D’altra parte l’inferenza non prende le mosse solo dall’attestazione della contraddittorietà del contenuto dell’esperienza, ma anche dal riconoscimento che la realtà non si contraddice. «La realtà ultima è tale che non può contraddirsi: ecco il criterio ultimo»259. Il principio di non contraddizione è cioè l’assoluto criterio di verità, il principio assoluto dell’essere. Esso non ha valore solamente linguistico, ma ontologico.
La base dell’inferenza metafisica è quindi la contraddizione tra la notizia dell’incontraddittorietà della realtà e la notizia della sua contraddittorietà. Il criterio assoluto ci informa infatti che la realtà è incontraddittoria, al tempo stesso l’esperienza attraverso il pensiero ci mostra la contraddittorietà dei fenomeni. Il compito della mediazione è allora quello di superare la contraddizione che l’esperienza attualmente attesta.
La base dell’inferenza è, ultimamente, il darsi di un’antinomia: due proposizioni contraddittorie che si propongono come vere. L’inferenza ha allora carattere “dialettico” in quanto cerca di conciliare le due verità, mostrando come la contraddittorietà consista nella loro reciproca astrattezza. La soluzione dell’antinomia consiste nell’introduzione di una sintesi, che destituisca la contraddizione in cui l’antinomia iniziale consiste, salvando la verità dei due asserti260. Tale sintesi consiste nella posizione dell’Assoluto.

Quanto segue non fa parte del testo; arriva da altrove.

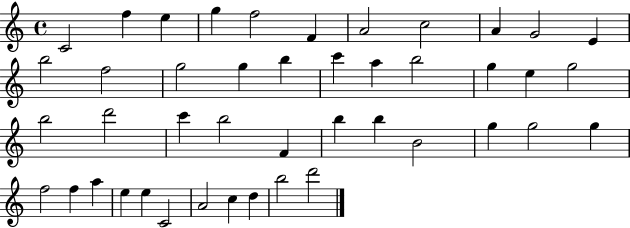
C4/h F5/q E5/q G5/q F5/h F4/q A4/h C5/h A4/q G4/h E4/q B5/h F5/h G5/h G5/q B5/q C6/q A5/q B5/h G5/q E5/q G5/h B5/h D6/h C6/q B5/h F4/q B5/q B5/q B4/h G5/q G5/h G5/q F5/h F5/q A5/q E5/q E5/q C4/h A4/h C5/q D5/q B5/h D6/h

258 Cfr. AR, p. 534. 259 Cfr. AR, p. 281. 260
«Tutto ciò che abbiamo esaminato si è rivelato essere un’apparenza, vale a dire qualcosa che, così come immediatamente si presenta, risulta lacerata da interne contraddizioni e non si può quindi attribuire in modo veritiero alla realtà: ma negare l’esistenza di tali fatti o proscriverli dalla realtà non è assolutamente possibile, in quanto in ognuno di essi, incontestabilmente, figura un contenuto positivo che, per quanto lo si voglia ridurre ad apparenza, non potrà mai vivere in nessun luogo fuori dalla realtà. e la realtà stessa non sarebbe nulla se dovesse venire considerata indipendentemente da ogni apparenza, quasi che fosse la loro controparte. Quel che è emerso con certezza da tutta la nostra discussione è dunque l’inseparabilità di realtà ed apparenza, e la nostra insufficienza fin qui consiste nel non aver saputo indicare il modo in cui l’apparenza rientra nella realtà» (cfr. AR, p. 275).